Story By: NICK GRAZIANO / DIRTCAR – CONCORD, NC – With great power comes great responsibility.
For Alex Yankowski, that means the responsibility of juggling the desire to be a full-time race car driver, while making his way through high school.
Those dueling lives will collide this year as the 17-year-old – still in his junior year – from Covington Township, PA, has signed on to run the full Super DIRTcar Series tour, starting with the Rumble in the Hills at Atomic Speedway, March 25-26.
The decision stems from his want to improve in all categories and added he really enjoys the Series’ time trial format.
“I think the name of the game is just bettering myself, getting around the best people in racing we can and bettering myself,” he said.
He already proved he can take on the stars of the Series when he stunned the world in November by winning at The Dirt Track at Charlotte during World Finals in only his second Super DIRTcar Series start.

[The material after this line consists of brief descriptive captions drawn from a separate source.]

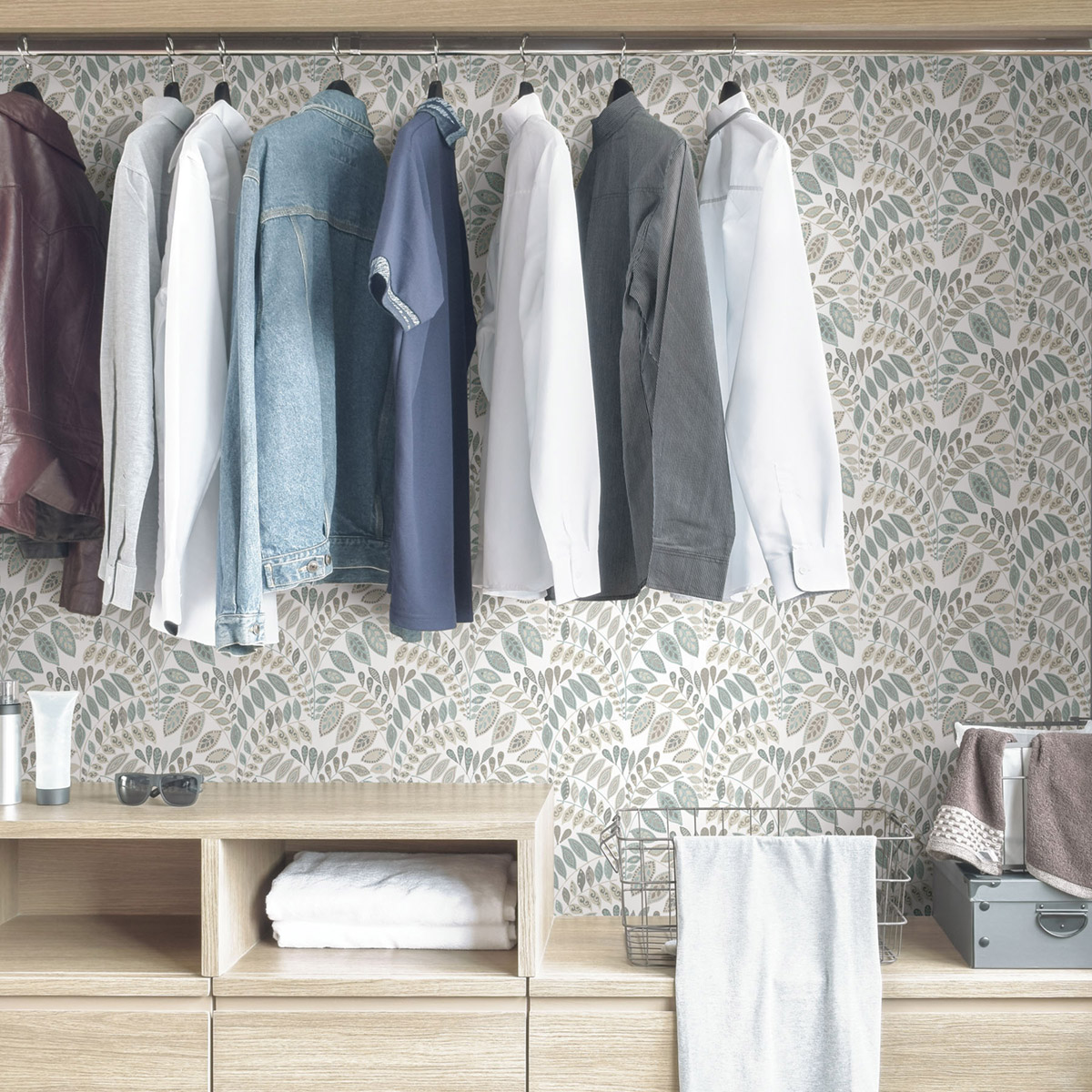 Papier peint adhésif Feuillage Scandinave gris bleu - Les Adhésifs de Lutèce AMB2| Réf. LTC-NUS3260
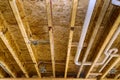 Interior view of a new house under construction framing the beams stick Royalty Free Stock Photo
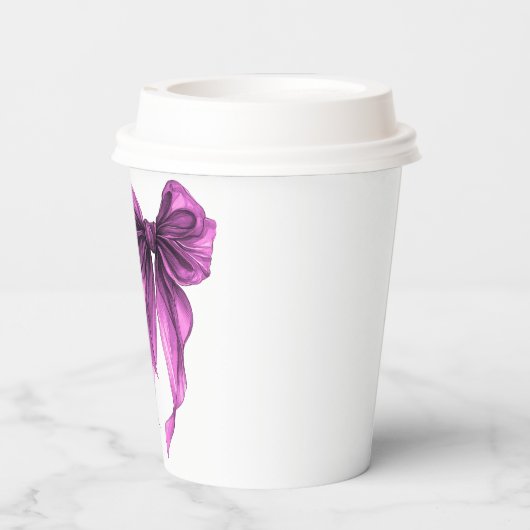 She's Tying The Knot Purple Bow Bridal Shower 紙コップ (裏面)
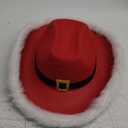 Light Up LED Red and White Santa Claus Christmas Cowboy Hat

Along with showcasing his strength against the likes of 2018 NAPA Super DIRT Week champion Larry Wight and 2019 Series champion Mat Williamson, he demonstrated his impressive mental toughness, having to also cope with the death of his grandfather earlier that day.
“That was a huge win,” Yankowski said. “I think it really shows where my program is at, how hard me, Kevin Bates and Bruce have worked and with Tyler to improve our program.”
In his first three Series starts last year – one at Bridgeport Motorsports Park and two at The Dirt Track at Charlotte – he finished sixth, first and eighth, respectively.
Yankowski started racing Big Block Modifieds at the end of 2020, quickly finding himself in Victory Lane at Bridgeport Motorsports Park for the Danny Serrano 100. He started racing go-karts at 4 years old before progressing his way up the ladder to Slingshots, Speedsters, Sportsman Modifieds and then Big Blocks. In that time, he also did a lot of road course go-kart racing against the likes of Juan Pablo Montoya’s son, Kevin Harvick’s son and former INDYCAR and F1 stars.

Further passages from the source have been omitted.